Existem poucas coisas tão fascinantes quanto a arte de Mágica de palco do século 19, aquela Arte-Ciência baseada em espelhos, luzes, fundos falsos, alçapões, engenhocas mecânicas ou elétricas cuidadosamente disfarçadas. E o objetivo disto tudo é o mesmo objetivo do Cinema: fazer o público pensar que está vendo coisas que na verdade não estão ali. O Ilusionista, segundo filme de Neil Burger, explora este universo muito próximo da narrativa fantástica, porque o tempo inteiro vemos coisas impossíveis acontecerem na nossa frente. Sabemos que é truque, sabemos até de que maneira o truque foi praticado, mas não deixamos de nos maravilhar.
Gostei do personagem do Príncipe Leopold, um racionalista empedernido, aquele típico intelectual cético que diante de uma mágica bem-feita sente-se inseguro, sente-se ameaçado, irrita-se, proclama que aquilo não passa de um truque, e tenta o tempo inteiro provar a todo mundo que é mais esperto do que o cara que fez o truque. Ou seja, é O Crítico (de cinema, literário, do que fôr) no que esta sofrida categoria tem de mais insuportável. Para ele é uma questão de vida ou morte, porque está a ponto de destronar o pai para assumir o Império, e não pode ser enganado impunemente por um simples prestidigitador. Eis um dos subtemas que percorrem o filme: quem tem mais poder, o sujeito que governa um Império ou um sujeito que faz uma árvore crescer e dar frutos diante dos nossos olhos?

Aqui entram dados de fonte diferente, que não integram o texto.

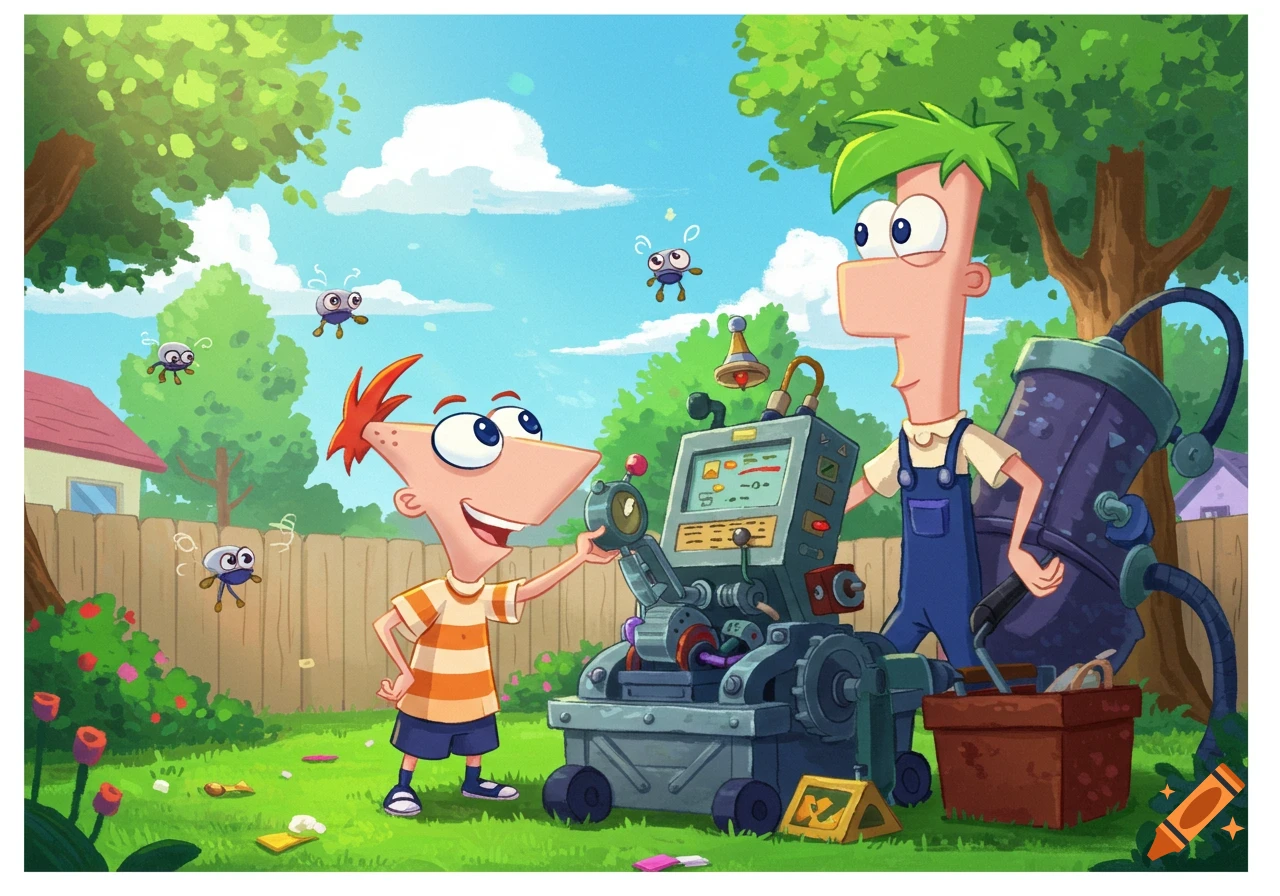 Cartoon characters Phineas and Ferb stand in a sunny backyard with a large, elaborate invention and small flying creatures.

Em sua segunda parte o filme penetra num terreno, a mistura entre magia de palco e espiritismo, que é a cara do ambiente em que transcorre, a Viena no fim do século, quando Freud estava começando a construir a psicanálise (vi um ou dois senhores barbudos na platéia do mágico Eisenheim que bem poderiam ser o nobre doutor). Era uma época em que nos salões intelectuais discutia-se o hipnotismo (chamado “mesmerismo”), a comunicação com os mortos, a telepatia. Quando Eisenheim “evoca” os ectoplasmas de pessoas mortas para o palco, estamos em plena terra-de-ninguém entre o mero ilusionismo e o sobrenatural. Muitos falsos médiuns ficaram ricos nessa época, usando a maquinaria do teatro para fingir a presença de espíritos desencarnados. O Ilusionista, que é também uma história de mistério policial, usa essa ambiguidade como efeito de suspense, ao trazer de volta à Terra o espírito da pessoa assassinada, para denunciar o criminoso.
O filme de Neil Burger tem uma superfície impecável (fotografia, atores, direção artística, música) e um roteiro curioso que me deu vontade de ler o conto original, de Stephen Millhauser. É uma história de mistério que na reta final usa aquele recurso que chamo de “clip explicatório”, já visto em filmes como O Sexto Sentido ou Os Suspeitos: uma rápida saraivada de imagens em flash-back que nos fazem reinterpretar cenas já vistas e descobrir, junto com o personagem, o que realmente aconteceu. Não vou dizer para não estragar o truque.